INFORMATION SUPPLIED
=-=-=

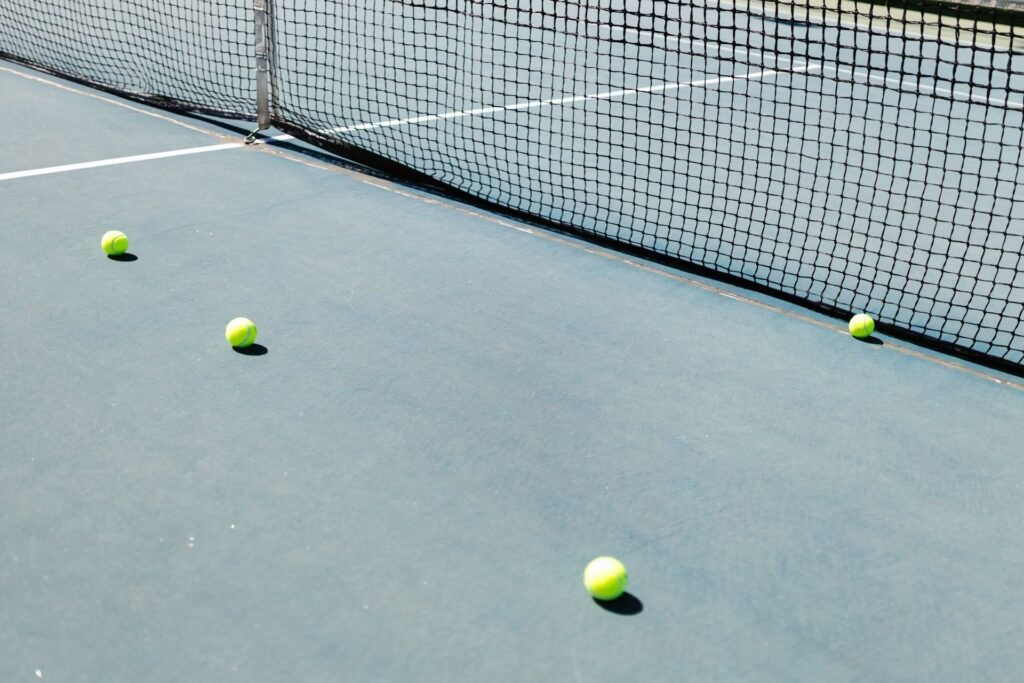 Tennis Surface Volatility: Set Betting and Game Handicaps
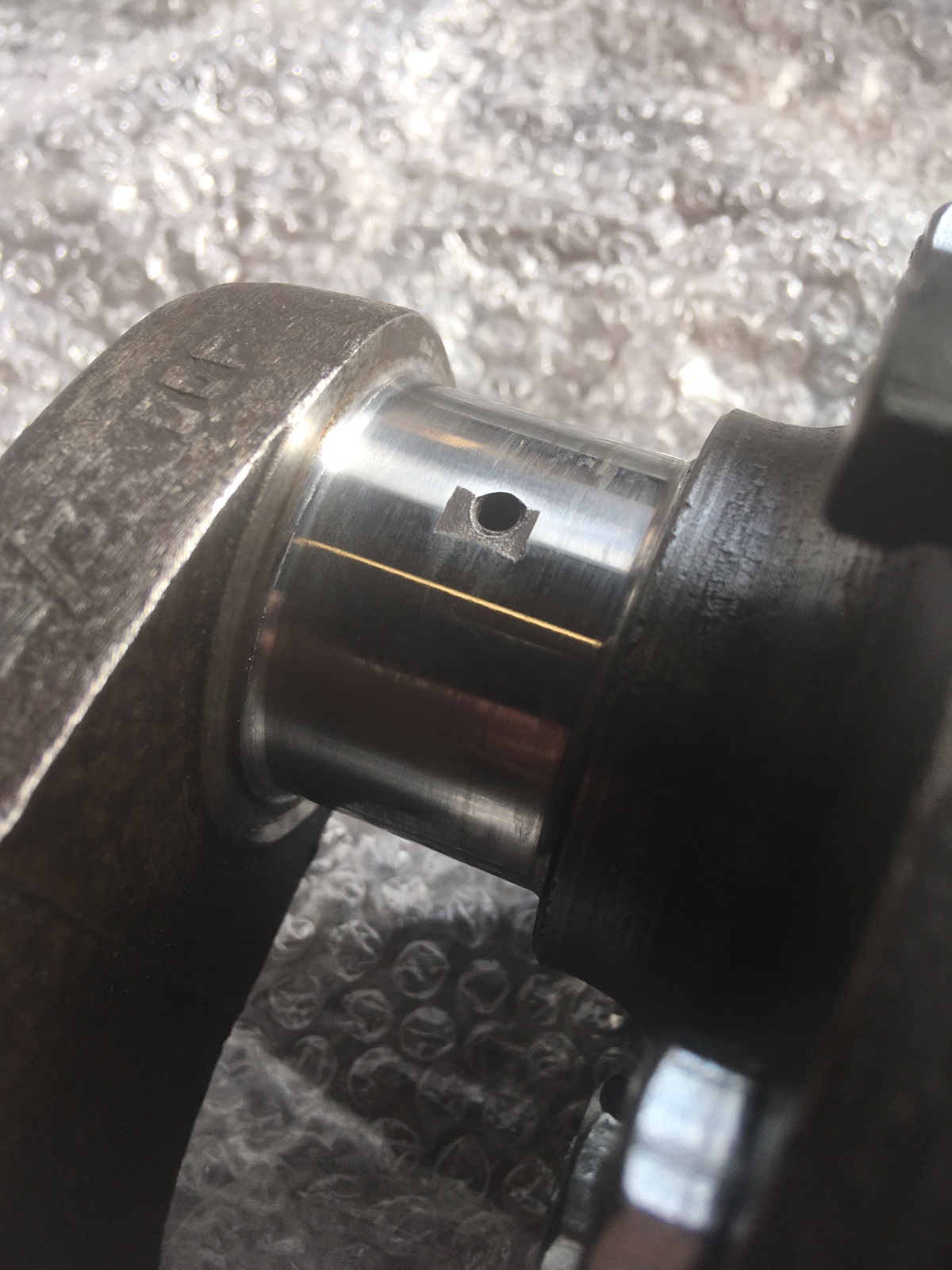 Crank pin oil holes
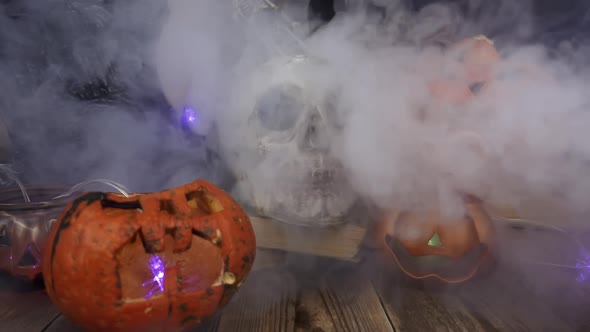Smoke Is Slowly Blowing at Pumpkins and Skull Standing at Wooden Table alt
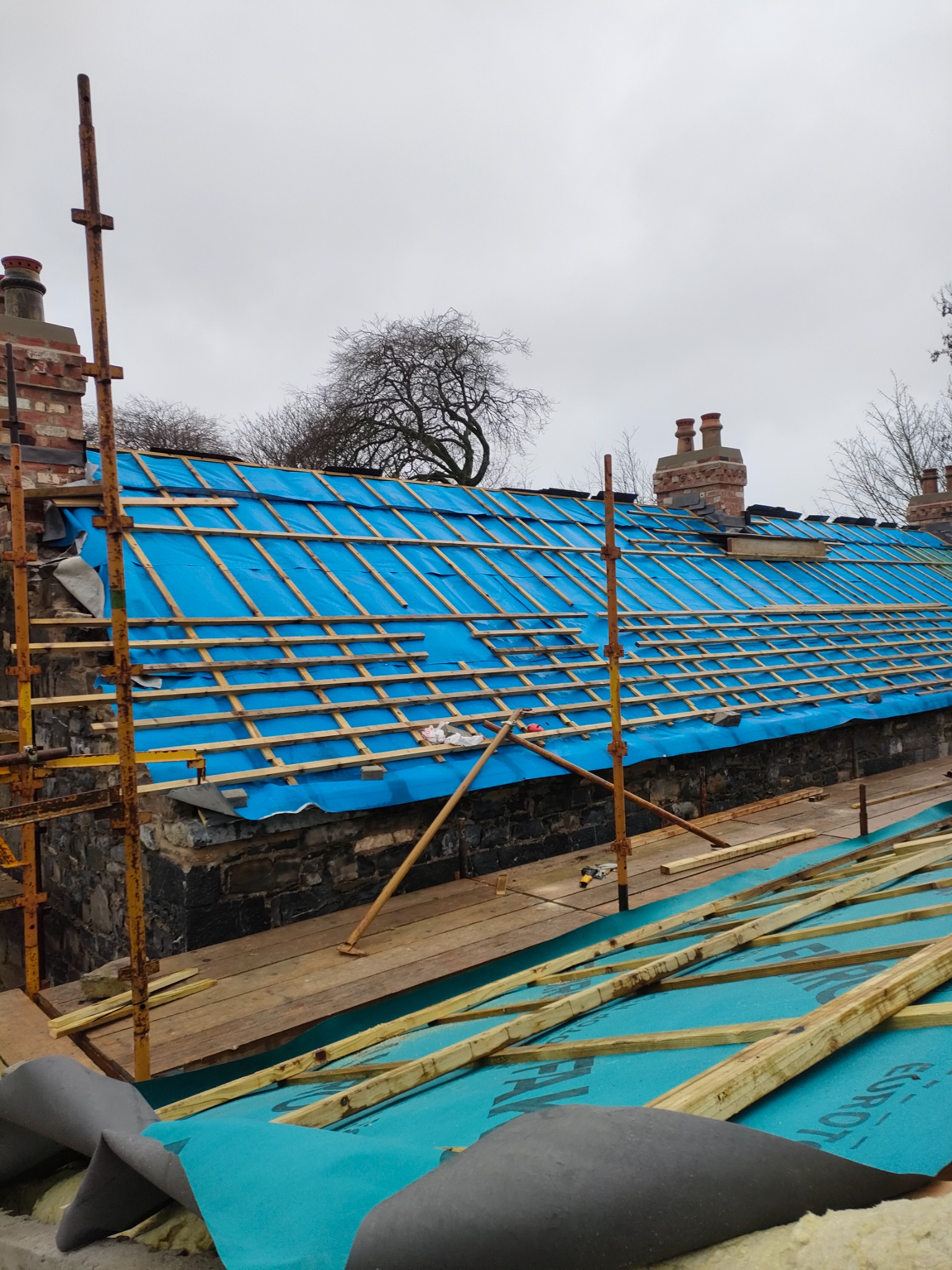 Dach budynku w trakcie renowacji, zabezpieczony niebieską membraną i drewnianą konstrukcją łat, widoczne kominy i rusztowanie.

=-=-=

What you return must match the material above exactly, minus its pictures.

SOLUTION FOR THIS TASK
 Tennis Surface Volatility: Set Betting and Game Handicaps
 Crank pin oil holes
Smoke Is Slowly Blowing at Pumpkins and Skull Standing at Wooden Table alt
 Dach budynku w trakcie renowacji, zabezpieczony niebieską membraną i drewnianą konstrukcją łat, widoczne kominy i rusztowanie.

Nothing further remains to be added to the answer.